The abnormality detector 107 is an example of a determiner.

In the present embodiment, when the control PC 200 receives an operation for causing the control PC 200 to transmit a control packet obtained through the network from the user using a GUI displayed on the control PC 200, the abnormality detector 107 determines whether the obtained control packet is abnormal on the basis of an operation image displayed on the control PC 200. That is, the abnormality detector 107 determines whether the obtained control packet is abnormal on the basis of an operation image displayed on the control PC 200 when the control PC 200 receives an operation for causing the control PC 200 to transmit the control packet from the user.

For example, in the determination of whether a control packet is abnormal, the abnormality detector 107 extracts a feature vector representing a feature of an operation image.

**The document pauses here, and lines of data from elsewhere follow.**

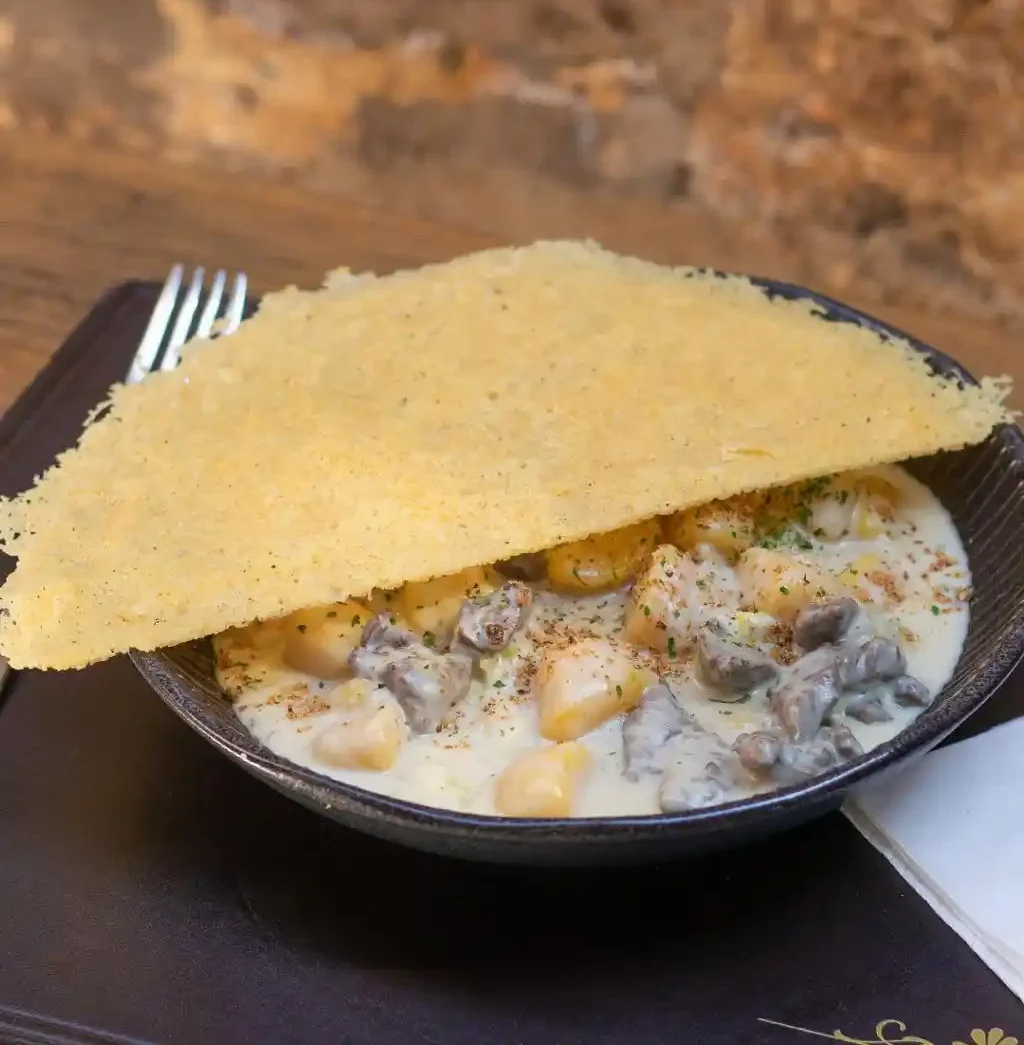 Gnocchi de mandioquinha com tiras de mignon ao molho gorgonzola — Vila Itália Restaurante em Piracicaba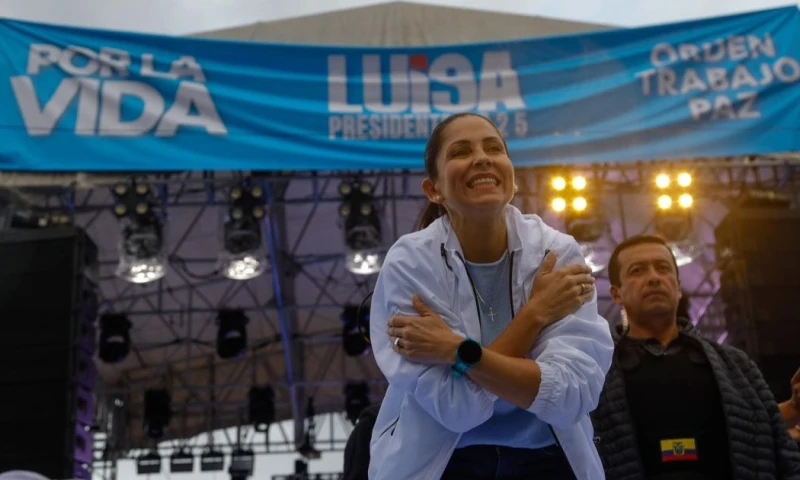 La candidata exhortó a sus simpatizantes a votar "con la esperanza de que viene un futuro digno" / Foto: EFE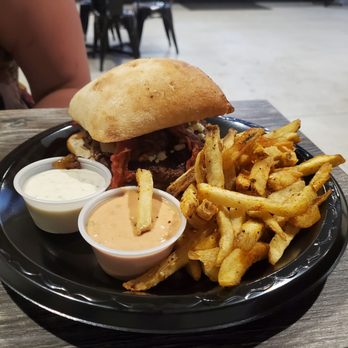 uniQue bite eatery - BBB aka blue bacon burger - New American Near Me - Indio, California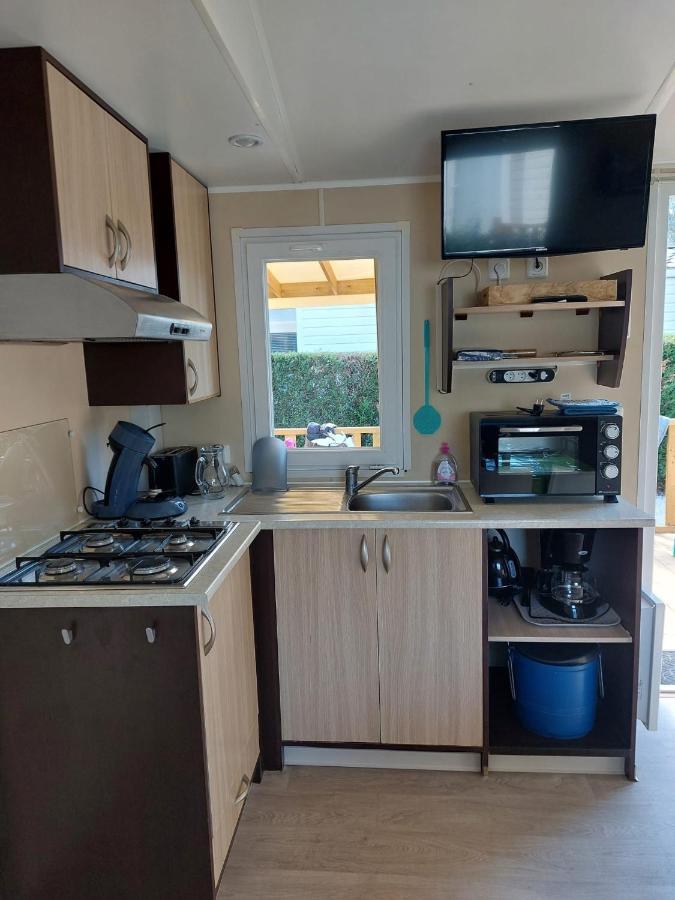 Mobil Home Tout Confort 6 Personnes Climatise Au Pied Du Luberon لا روكي دي انثيرون المظهر الخارجي الصورة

The abnormality detector 107 then determines, for example, whether the obtained control packet is abnormal on the basis of a feature vector included in a screen operation information table and the extracted feature vector.

The screen operation information table is information indicating relationships between operations for causing the control PC 200 to transmit a control packet and feature vectors representing features of images displayed on the control PC 200 at times when the control PC 200 receives the operations from the user using GUIs displayed on the control PC 200.

The screen operation information table is an example of an image information table.

The screen operation information table may store, in association, operations for causing the control PC 200 to transmit a control packet and images displayed on the control PC 200 at a time when the control PC 200 receives the operations from the user using a GUI displayed on the control PC 200. In this case, the abnormality detector 107 may calculate, using the images, feature vectors, which represent features of the images.

An operation image is, for example, the screenshot described above, and is image data included in operation information.

In the determination of whether a control packet is abnormal, for example, the abnormality detector 107 determines that the obtained control packet is abnormal if a distance d to a feature vector, among a plurality of feature vectors included in the screen operation information table, that is closest to the extracted feature vector, is larger than a predetermined threshold T. If the distance d is smaller than or equal to the threshold T, on the other hand, for example, the abnormality detector 107 determines that the obtained control packet is not abnormal (i.e., the obtained control packet is normal).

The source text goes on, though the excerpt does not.